Rakyat yang tidak memahami sanering merasa amat dirugikan. Nilai uang berkurang menjadi setengahnya, namun harga-harga barang tetap sama.
Hal ini menyebabkan daya beli masyarakat menjadi merosot tajam. Tercatat, inflasi periode 1960-1967 dengan tingkat inflasi tertinggi pada tahun 1966 mencapai lebih dari 1000% - Dari Krisis ke Krisis - Krisis Ekonomi dalam Sejarah Indonesia Abad ke-20: Tinjauan Ekonomi Makro. Untuk kesekian kalinya, kaum petani khususnya petani tadah hujan pada tahun 1963-1964 cukup merasakan dampak berat dari krisis.
Tak hanya di pedesaan, kaum pegawai negeri dan pedagang di perkotaan pun turut merasakan pedihnya krisis. Selama dekade 1960-an penyelamat di kala krisis adalah pembagian upah yang dibagi menjadi upah berupa uang dan upah ransum seperti beras dan jatah barang lain.
Siapa yang diuntungkan?
Bagi para pengusaha bermodal besar tentunya tidak ada yang perlu dikhawatirkan. Bahkan, sehari sebelum diberlakukannya kebijakan Gunting Syafruddin, beberapa pengusaha melakukan penimbunan bahan-bahan pokok seperti beras dan pakaian.
Tentu, aksi spekulan dan profiter ini semakin memperparah kondisi ekonomi saat itu. Penurunan penghasilan meskipun hanya sedikit, dapat menyebabkan akibat yang cukup serius karena pendapatan rata-rata rakyat Indonesia saat itu tergolong rendah. Namun, akibat politik yang ditimbulkan bisa berjangka panjang.
"Those who do not learn from history are doomed to repeat it." -- George Santayana.
Selalu ada pelajaran yang dapat diambil dari sejarah, termasuk penanganan krisis perekonomian. Untuk saat ini yang diperlukan adalah transparansi, kebijakan yang tepat, dan rakyat yang kooperatif. Saya rasa tiga hal tersebut dapat menjadi kunci selamat bagi nyawa dan perekonomian.
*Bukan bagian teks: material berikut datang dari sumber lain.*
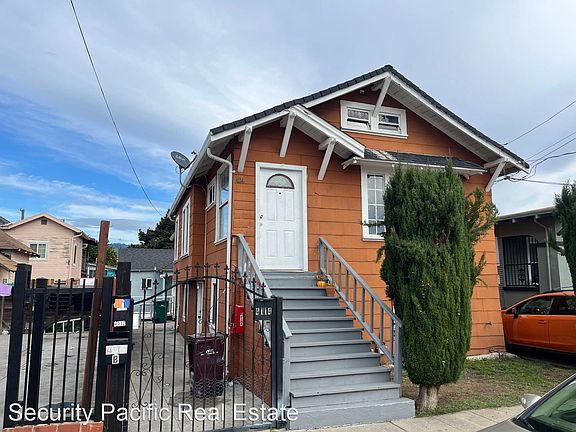 5th image of 4114 E 17th St #16808277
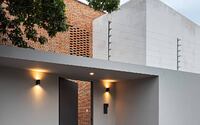 014-je-house-lr-arquitectura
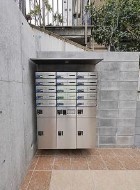 その他共有部分　共有部
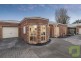2/60 David Street, Altona VIC 3018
Harapan saya, pandemi Covid-19 tidak menyebabkan krisis subsistensi yang begitu parah khususnya bagi rakyat kecil dan pekerja informal.
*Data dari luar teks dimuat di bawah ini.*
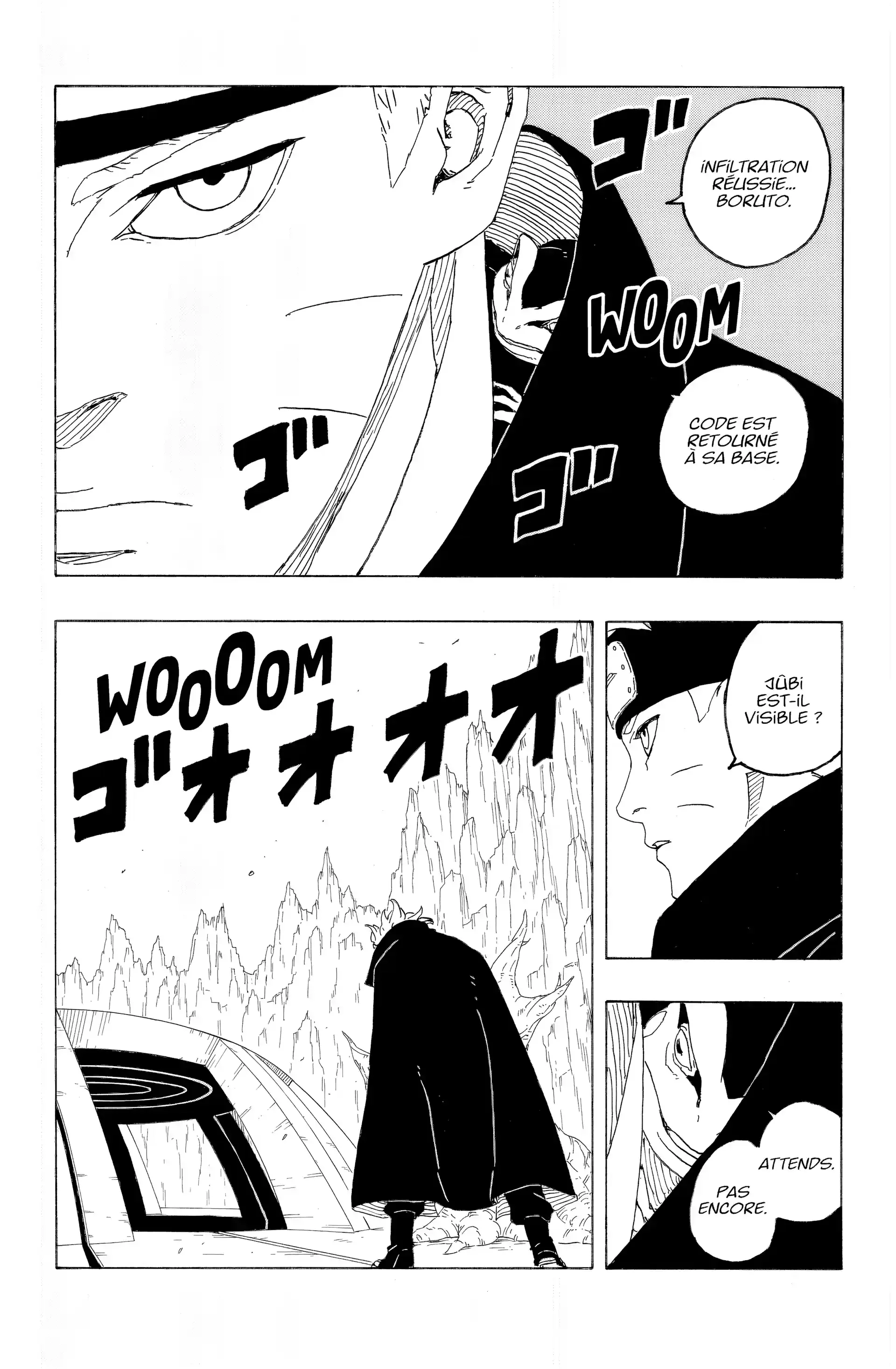 Chapter Image 408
Ketika pandemi ini telah berlalu dan kemanusiaan serta perekonomian perlahan kembali pulih, saya yakin pada saatnya sejarah akan mencatat kemenangan umat manusia melawan pandemic Covid-19 dan harapannya manusia akan lebih siap dalam menghadapi unexpected challenge yang sejenis.